Andhika menyebutkan bahwa saya mendebatnya, tapi menurut saya, saya tidak sedang mendebatnya, saya menyatakan bahwa saya sedang berdiskusi, mendiskusikan argumentasi yang diutarakannya, yang merupakan hal yang dirujuknya dari kitab atau kumpulan hadist yang dituliskan/diriwayatkan oleh Imam Bukhari.
Saya mempertanyakan ulang tentang apa itu berbohong, dan yang seperti apa yang dijadikan dasar untuk dikriteriakan seseorang berbohong. Bagaimana mungkin seseorang bisa dianggap berbohong saat ia sedang menjelaskan dan menyampaikan sesuatu yang diyakininya, diketahuinya, dan digaransikan kebenaran yang dialami secara langsung.
Saya mengajukan analogi, tapi analogi itu dimentahkan dan ditolaknya. Katanya tidak relevan dengan menganalogikannya dengan kebohongan yang seperti itu. Mamak dan Bungkoku yang sedang menyetir, menjadi saksi yang bisu bagi tema yang sedang kami diskusikan. Sesekali saya bertanya dan meminta keterlibatan mereka, tapi mereka memilih untuk mendengarkan dan lainnya menyetir saja. Brother Mappasomba yang tertua, saya pastikan tertawa terpingkal pingkal saat membaca catatan ini.

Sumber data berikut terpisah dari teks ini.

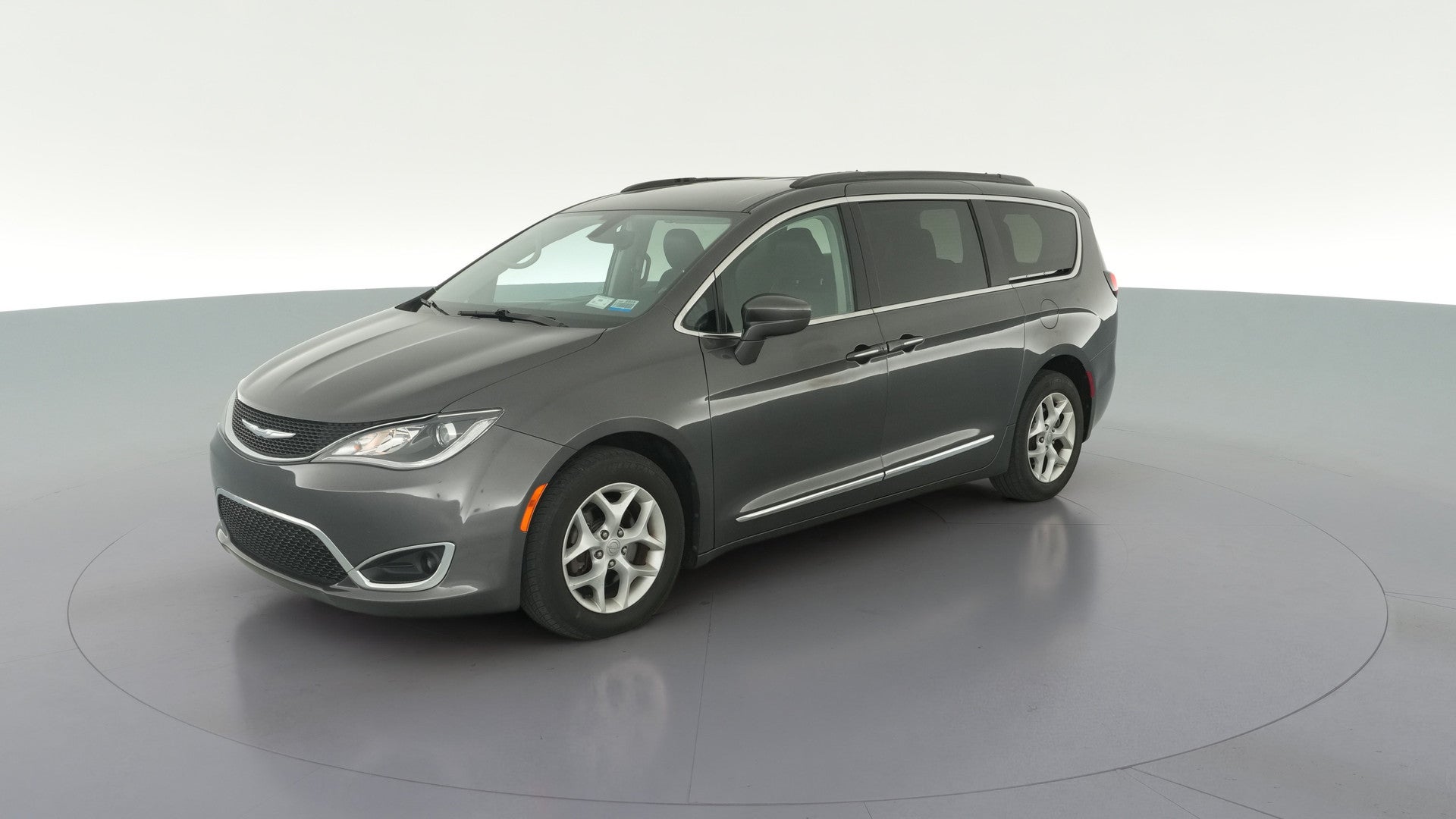 2017 Chrysler Pacifica vehicle photo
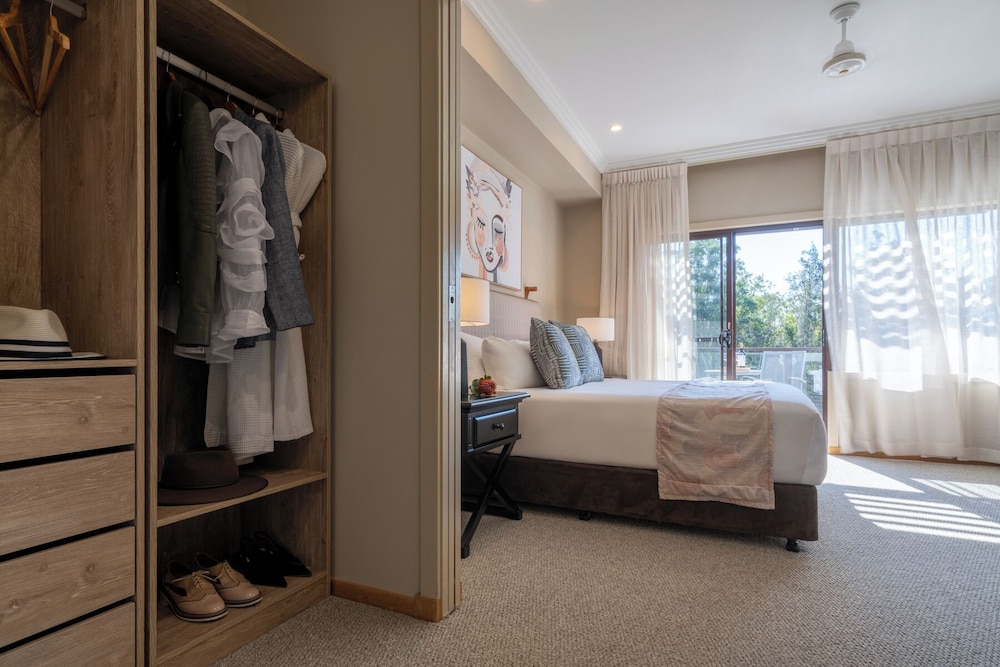 Premier, Suite, King Bed, Sofa, HERMITAGE LODGE 2/6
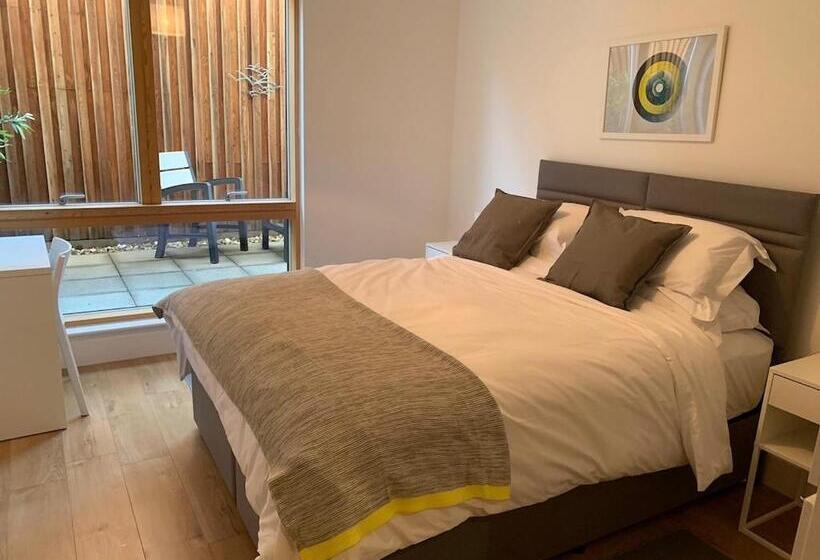 Toothbrush Apartments   Ipswich Waterfront   Quayside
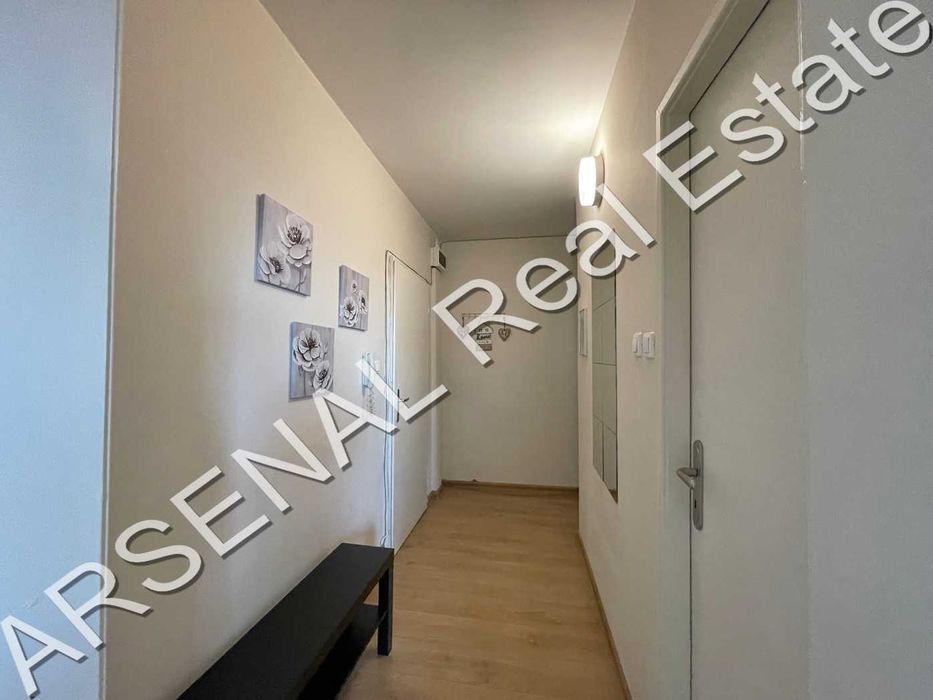 Дава се под наем Тристаен апартамент в София, Лозенец - 106 кв.м за 650 € - Снимка #1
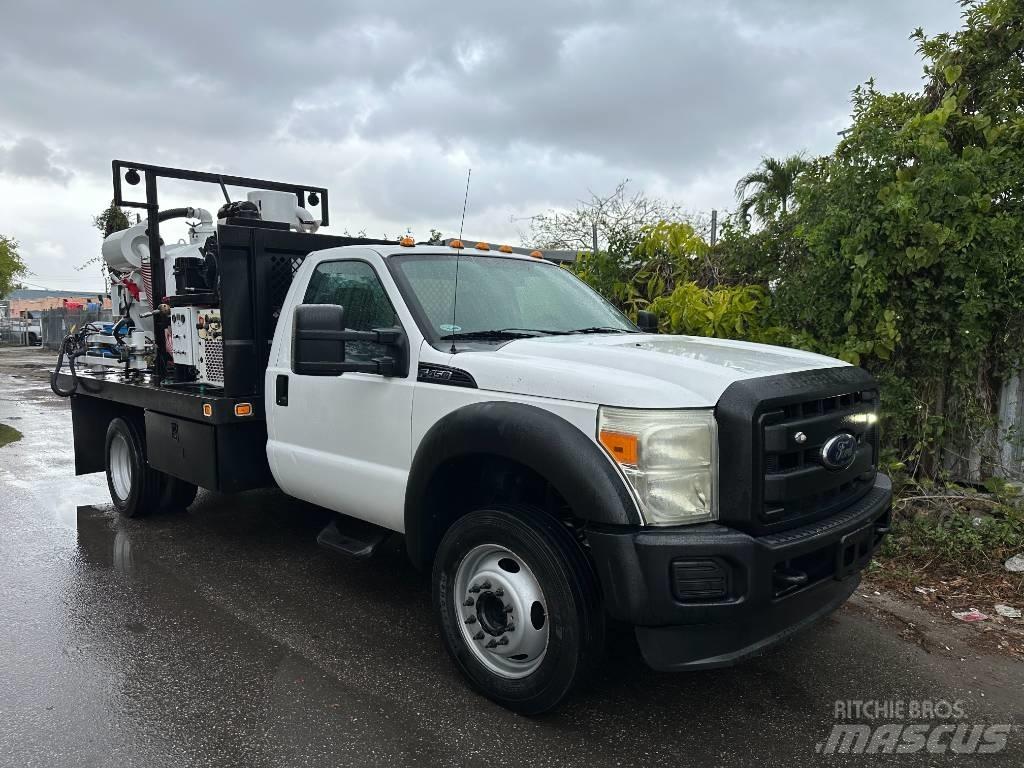 Ford F 450 Camion aspirateur, Hydrocureur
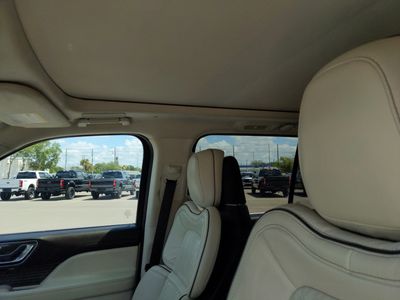 2022 Lincoln Navigator L - Photo 19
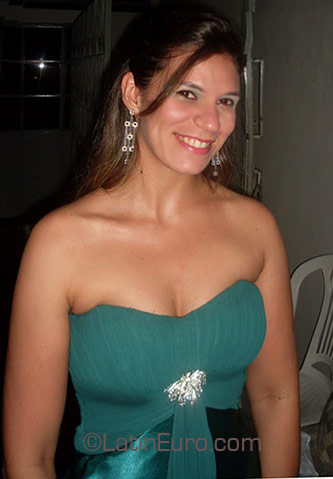 Date this cute Brazil girl Cargeany from Paulo Afonso BR3533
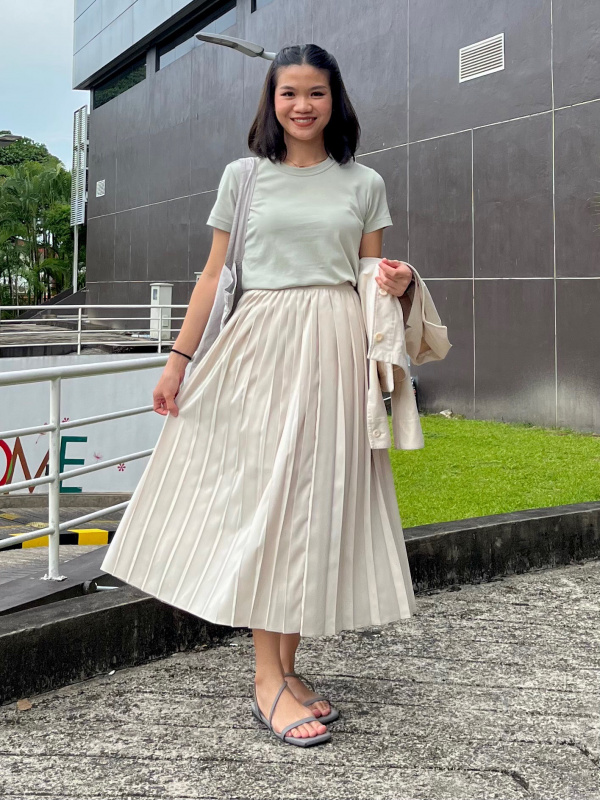 Long pleated skirt clearance uniqlo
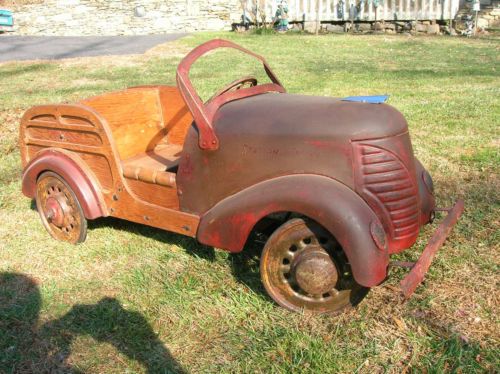1939 pedal car Mercury Woody Wagon that  looks like a barn find. source 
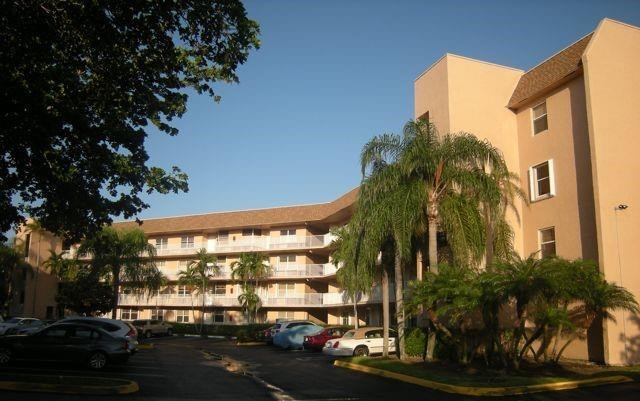 THIS IS IT!  LOOK NO FURTHER! THIS 2/2 55+ PROPERTY IS ON THE TOP FLOOR, RIVIERA MODEL WITH A BEAUTIFUL LAKEVIEW FROM EXTENDED FLA ROOM.  WELL-KEPT BLD#211. BATHROOMS REMODELED, ONE EVEN HAS A ROMAN TUB.  KITCHEN FEATURES GRANITE COUNTERTOPS AND BACKSLPASH.  SEPERATE LAUNDRY ROOM FOR YOUR CONVENIENCE.  JUST LISTED, WON'T LAST! IT IS LOCATED NEAR A SATELLITE YEAR-ROUND HEATED POOL, SAUNA, BILLIARD, TENNIS AND PICKLEBALL COURT OVERLOOKING THE LAKE.   READY TO MOVE IN.  COME AND ENJOY A RESORT-STYLE 55+ COMMUNITY WITH A MAIN CLUBHOUSE, SAUNAS, BBQ PICNIC AREAS, BILLIARDS, THEATER, CABANAS, COURTESY BUSES TO STORES AND SAWGRASS MALL, INDOOR AND OUTDOOR POOLS, AND FITNESS ROOM IN THE SOUGHT-AFTER SUNRISE LAKES PHASE IV.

Bagi saya, kebohongan itu ada dan terjadi pada dua bentuk. Bentuk yang pertama adalah kebohongan dan ketidakbohongan secara sosial, agar terkesan religius saya mengulangnya dengan menyebut Kebohongan Habluminannas. Kebohongan atau ketidakbohongan yang akan saling dibuktikan saat terjadi antar sesama manusia. Terkadang kita menyatakan dengan sumpah bahwa kita sedang jujur atas apa yang sedang kita kemukakan. Semestinya, orang jujur tidak membutuhkan sumpah sebagai pembuktiannya kan? Di sanalah manusia membutuhkan lebih dari sekedar akal. Bentuk yang kedua adalah kebohongan dan ketidakbohongan teologis. Sederhananya, kita tidak perlu meyakinkan Tuhan Yang Maha Kuasa, apakah kita sedang berbohong atau tidak berbohong. Kita menyerahkan diri, menyerahkan segalanya.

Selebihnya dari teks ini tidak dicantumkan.